Lord Drayson: My Lords, it is correct to say that there are different schools of thought with regard to the impact that such potential missile defence technology may have on proliferation. There are some who take the view that it would decrease the rate of proliferation by taking out the incentive to develop said weapons; there are others who feel that it would increase the complexity of development. As I have said, they are matters of some complexity, which need full consideration—not least of which is the complexity relating to the technology, which is separate to issues relating to politics and discussion.

Lord Anderson of Swansea: My Lords, my noble friend will be aware that some critics have labelled this an expensive Maginot line in the sky. Nevertheless, it may have some merit against rogue states which possess long-range weapons. As far as my noble friend is aware, is it the current thinking of the US Government that any protection that is offered will be for the whole of Europe, or will it be more limited?

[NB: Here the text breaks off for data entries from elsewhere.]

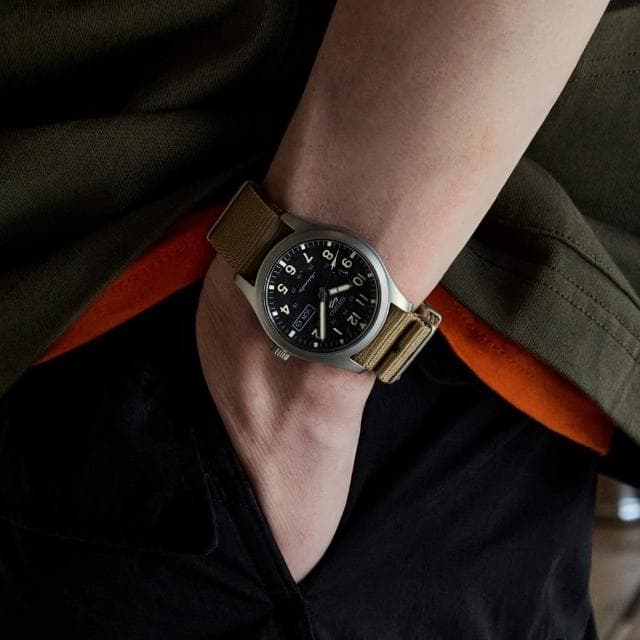 【SEIKO 精工】5 Sports系列 Lineup 復古軍風 機械腕錶 母親節 禮物 推薦(SRPG35K1/4R36-10A0U)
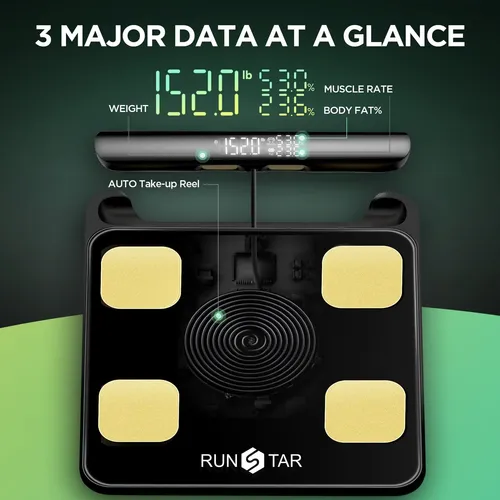 Runstar Báscula Inteligente Para Peso Corporal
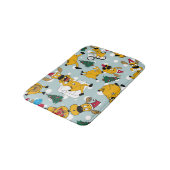 Tapis De Bain Deer Festive : Design Motif de Noël (Angle)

Lord Drayson: My Lords, the matters are under discussion. The United States has indicated that it is prepared to discuss the extension of the provision of a missile defence system, should one be put in place, to provide protection to its friends and allies. Those matters are also under discussion under the auspices of NATO.

Lord Garden: My Lords, given the particular dangers from anti-missile missile systems of friendly fire incidents, as we have seen in various tragic cases, can the Minister today assure the House that, if any missiles were placed on United Kingdom territory by another nation, we would retain dual key control of them?